Я писал о том, что уже все забыли фактически. Одни забыли, потому что просто молчали, другие забыли от разочарования, что некому рассказывать об этом, никому это не нужно.

А после, когда понадевали черкески и вроде бы стали возрождаться с пылом, уже той опоры, какую даже я имел, не имели, потому что умерли знающие люди.

Самый большой недостаток и печаль в том, что сейчас уже не могут поклониться родной старине так, как надо бы поклониться.

Да, в крайнем случае кто-то еще способен поклониться горю коллективизации, когда по лопухам умирали и ссылали в Сибирь. Наши геологи были где-то в Саянах, вышел из лесу изможденный человек, говорит: «А я Литвиненко, станица Пашковская. Когда будете там, передайте, что видели меня…» А есть фотография, он сидит на коне, гвардеец, конвой его величества. Породу перевели…

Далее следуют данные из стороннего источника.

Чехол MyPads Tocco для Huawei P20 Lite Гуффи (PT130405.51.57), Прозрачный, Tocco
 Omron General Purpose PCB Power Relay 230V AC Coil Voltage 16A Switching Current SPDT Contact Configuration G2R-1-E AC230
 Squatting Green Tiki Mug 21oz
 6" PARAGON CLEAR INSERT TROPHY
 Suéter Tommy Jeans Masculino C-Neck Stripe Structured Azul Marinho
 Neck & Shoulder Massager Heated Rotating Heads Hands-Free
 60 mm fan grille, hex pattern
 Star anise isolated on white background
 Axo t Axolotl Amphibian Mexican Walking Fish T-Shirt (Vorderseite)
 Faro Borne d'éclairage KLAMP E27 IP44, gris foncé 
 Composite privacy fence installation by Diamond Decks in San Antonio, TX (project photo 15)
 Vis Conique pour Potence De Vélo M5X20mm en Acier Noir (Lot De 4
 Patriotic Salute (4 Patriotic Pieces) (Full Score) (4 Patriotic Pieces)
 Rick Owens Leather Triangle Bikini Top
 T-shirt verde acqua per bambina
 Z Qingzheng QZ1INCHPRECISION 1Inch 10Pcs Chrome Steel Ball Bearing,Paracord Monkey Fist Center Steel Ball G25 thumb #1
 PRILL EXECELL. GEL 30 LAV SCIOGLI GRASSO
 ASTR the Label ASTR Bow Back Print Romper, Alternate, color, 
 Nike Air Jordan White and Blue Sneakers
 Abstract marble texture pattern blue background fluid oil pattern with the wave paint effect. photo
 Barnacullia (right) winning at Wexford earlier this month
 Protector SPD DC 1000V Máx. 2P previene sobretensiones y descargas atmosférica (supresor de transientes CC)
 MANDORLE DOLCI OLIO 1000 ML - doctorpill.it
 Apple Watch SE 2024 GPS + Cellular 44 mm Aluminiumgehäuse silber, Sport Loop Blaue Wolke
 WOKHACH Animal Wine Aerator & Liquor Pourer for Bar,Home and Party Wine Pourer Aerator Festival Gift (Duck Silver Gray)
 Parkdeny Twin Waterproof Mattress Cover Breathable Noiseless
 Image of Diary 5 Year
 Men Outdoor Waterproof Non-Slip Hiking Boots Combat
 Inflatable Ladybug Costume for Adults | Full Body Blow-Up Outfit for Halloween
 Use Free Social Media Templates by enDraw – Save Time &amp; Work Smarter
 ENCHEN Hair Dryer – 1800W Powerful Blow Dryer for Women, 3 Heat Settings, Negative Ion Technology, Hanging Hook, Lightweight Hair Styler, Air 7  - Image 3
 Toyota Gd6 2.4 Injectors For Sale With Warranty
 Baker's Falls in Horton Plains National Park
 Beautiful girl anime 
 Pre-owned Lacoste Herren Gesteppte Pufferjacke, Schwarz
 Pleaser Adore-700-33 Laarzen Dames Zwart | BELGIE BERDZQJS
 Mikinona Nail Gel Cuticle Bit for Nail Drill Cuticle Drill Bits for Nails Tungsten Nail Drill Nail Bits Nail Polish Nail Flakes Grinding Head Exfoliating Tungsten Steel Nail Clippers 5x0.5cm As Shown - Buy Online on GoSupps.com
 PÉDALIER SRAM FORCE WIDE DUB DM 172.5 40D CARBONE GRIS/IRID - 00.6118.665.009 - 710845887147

Мой поклон среди прочих графу Феликсу Николаевичу Сумарокову-Эльстону. Знаете такого? Наказной атаман Кубанского казачьего войска. Я в его имении жил, начинал свою педагогическую деятельность. Вот это величина. А как сейчас относятся к слишком многим, называющим себя казаками?


– Порой насмешливо.

– Раз над тобой посмеиваются или недоверчиво смотрят, говорят «ряженый», надо самому преобразиться. Так, чтобы, когда один даже казак входит в трамвай, все чувствовали, что это вошел другой человек. Какой-то подтянутый, серьезный, вежливый, благородный. Такой, какими были офицеры, служившие у государя императора. Когда офицер шел, все оглядывались на него, ну, особенно молодежь. И вот надо было с этого настроения начинать попытки возрождения и с поклонов предкам.

Ведь изумительны их ушедшие образы, та канувшая навсегда Россия, и дворянская, и священническая, и купеческая, и простонародная, и воинская…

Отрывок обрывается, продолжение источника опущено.